Internal Changes

Variable Lists

Today I’m going to briefly go over a big-ish API change that’s taking place as a result of a MR from Jason Ekstrand.

As I’ve talked about in the past, zink does a lot of iterating over variables in shaders. Primarily, this access is limited to the first three variable lists in struct nir_shader:

typedef struct nir_shader {
   /** list of uniforms (nir_variable) */
   struct exec_list uniforms;

   /** list of inputs (nir_variable) */
   struct exec_list inputs;

   /** list of outputs (nir_variable) */
   struct exec_list outputs;

The uniforms list is used in UBO support and texture calls, outputs is used in xfb, and inputs and outputs have both been featured in all my slot remapping adventures.

Less Lists

The question asked by this MR (and the provoking issue) is “why do we have so many lists of variables when we could instead have one list?”

The issue has more discussion about the specifics of why, but for the purposes of zink, the question becomes “how does this affect us?”

Generally speaking, the changes needed here are simple.

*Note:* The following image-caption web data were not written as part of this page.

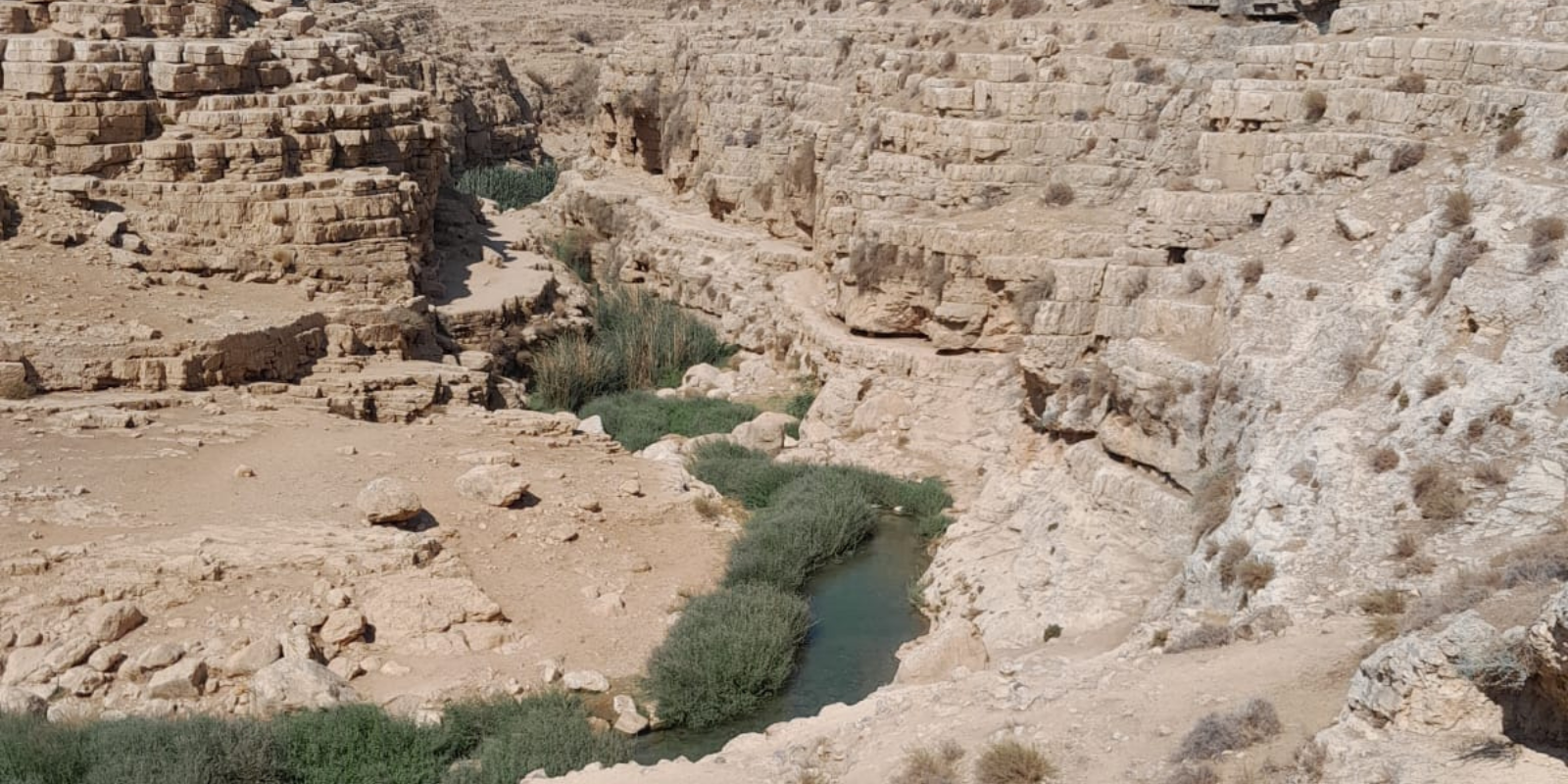 Wadi Qelt in the Judean Desert (photo courtesy of the author)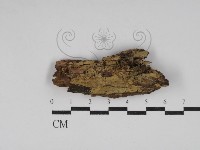 藏品(絲齒菌屬)的圖片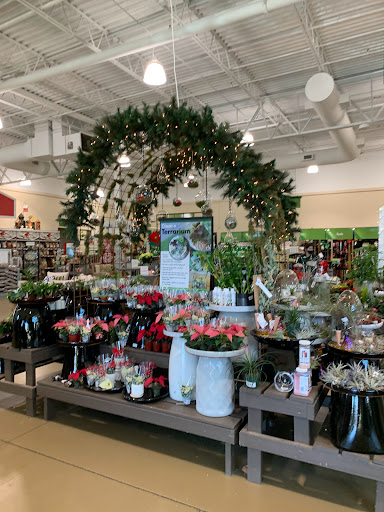 Garden Center «Pike Nurseries», reviews and photos, 615 W Crossville Rd, Roswell, GA 30075, USA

Instead of nir_foreach_variable() macro iterations over a specific list type, there’s now nir_foreach_variable_with_modes(var, shader, modes), which has an additional param for modes. This param is based on enum nir_variable_mode, which corresponds to nir_variable::data.mode, and it causes the macro to perform a check on each variable it iterates over:

#define nir_foreach_variable_with_modes(var, shader, modes) \
   nir_foreach_variable_in_shader(var, shader) \
      if (_nir_shader_variable_has_mode(var, modes))

Thus, the zink loops like nir_foreach_variable(var, &s->uniforms) look like nir_foreach_variable_with_modes(var, s, nir_var_uniform | nir_var_mem_ubo | nir_var_mem_ssbo) after the change.

Further Improvements

At some point after this lands, it’ll be useful to go through the places in zink where variable iterating occurs and try to combine iterations, as each variable list iteration now iterates over every type of variable, so ideally that should be reduced to a single loop that handles all the things that each separate type-iteration used to handle in order to keep things lightweight.